Saved entries:
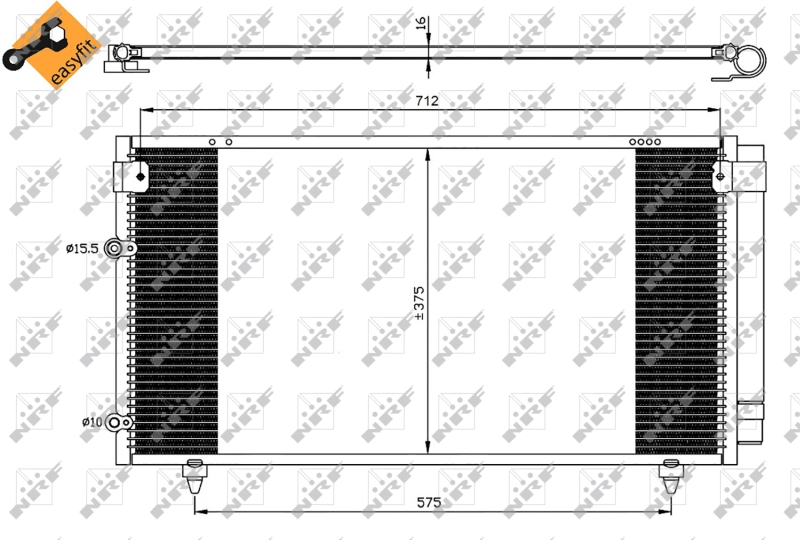 NRF 35518 Condensatore, Climatizzatore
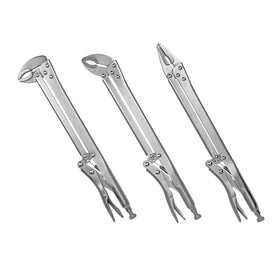 3pcs LONG REACH LOCKING PLIER SET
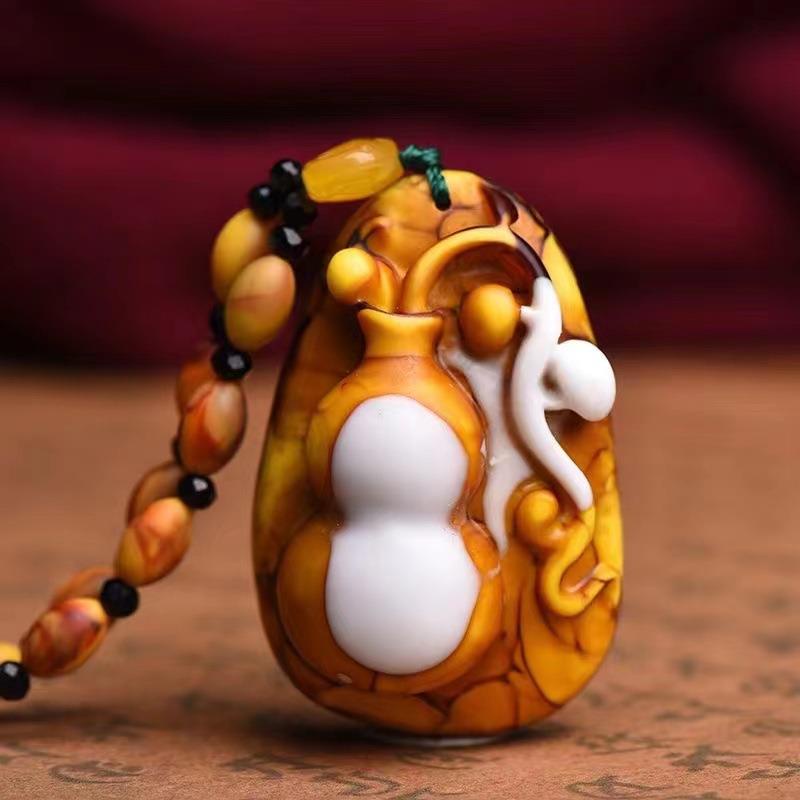 Set 22 Mặt Dây Chuyền Đá Hổ Phách Bán Chạy Hình Rồng Pixiu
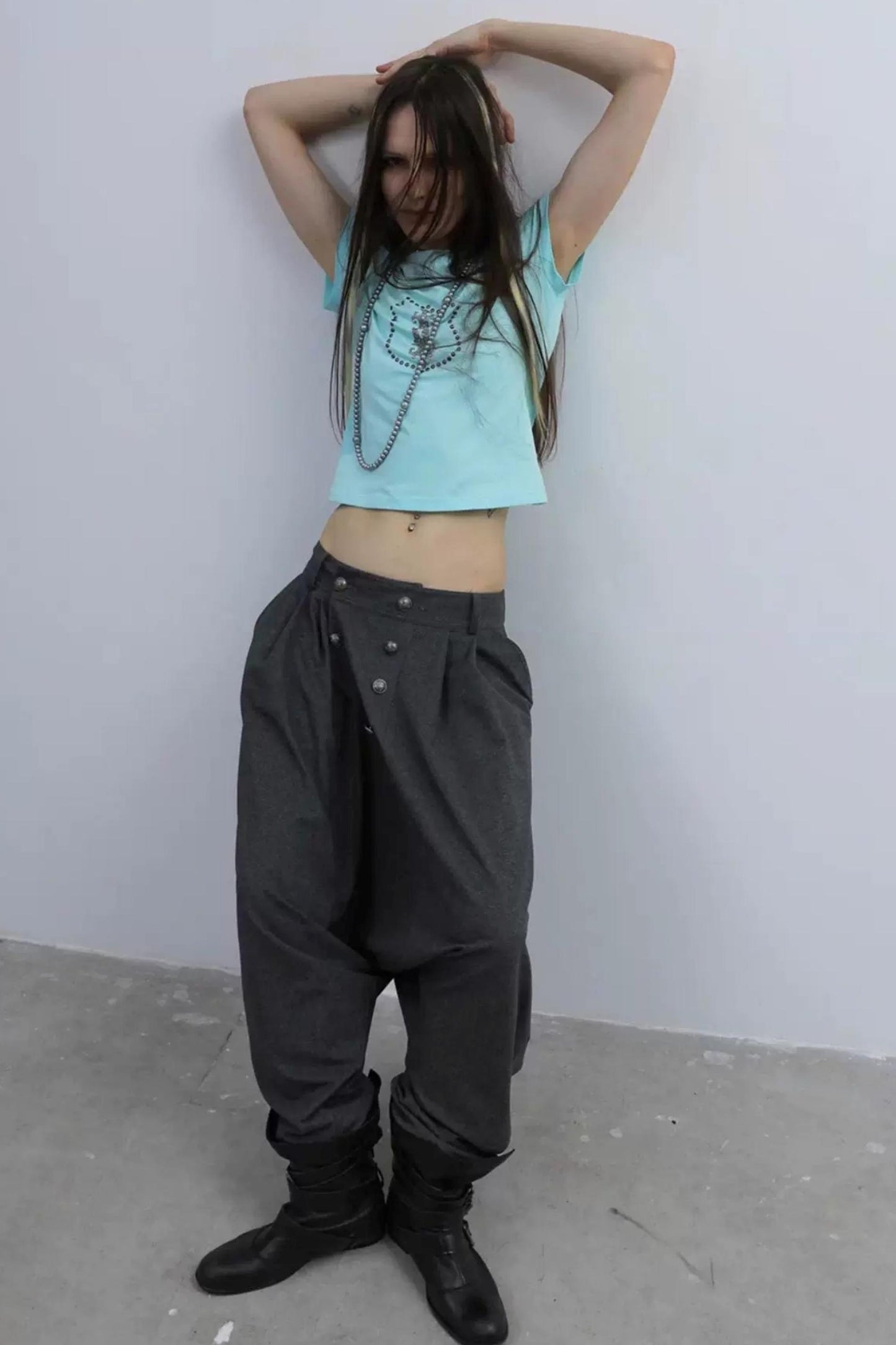 Y2K Rhinestone Cropped T-Shirt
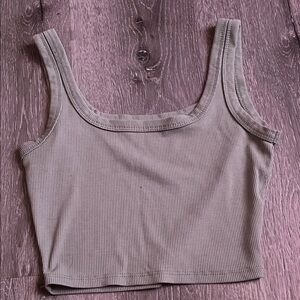 Ribbed Tank Top - Gray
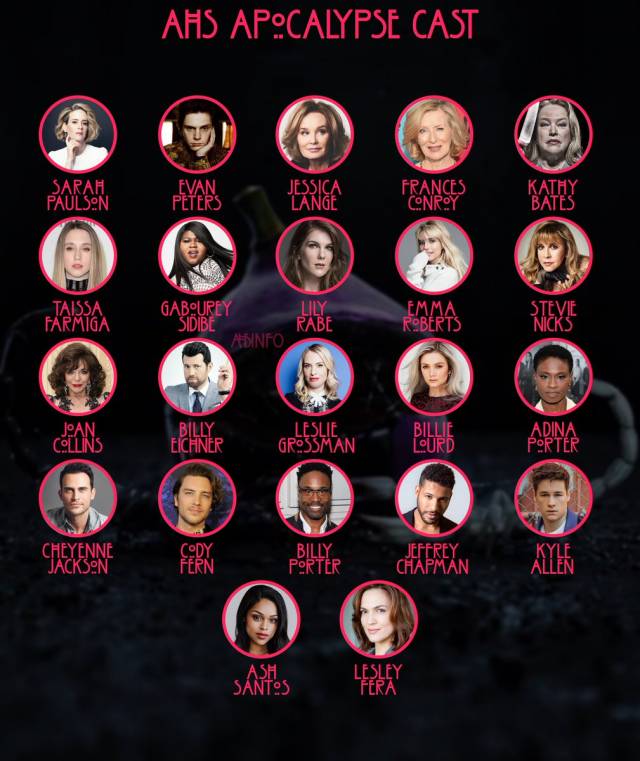 《美恐8:启示录》这季人物曝光!这季悬念满满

◆ What this task involves:
I'd like the entries above repeated exactly, but without any of their pictures.

◆ Answer section:
 NRF 35518 Condensatore, Climatizzatore
 3pcs LONG REACH LOCKING PLIER SET
 Set 22 Mặt Dây Chuyền Đá Hổ Phách Bán Chạy Hình Rồng Pixiu
 Y2K Rhinestone Cropped T-Shirt
 Ribbed Tank Top - Gray
 《美恐8:启示录》这季人物曝光!这季悬念满满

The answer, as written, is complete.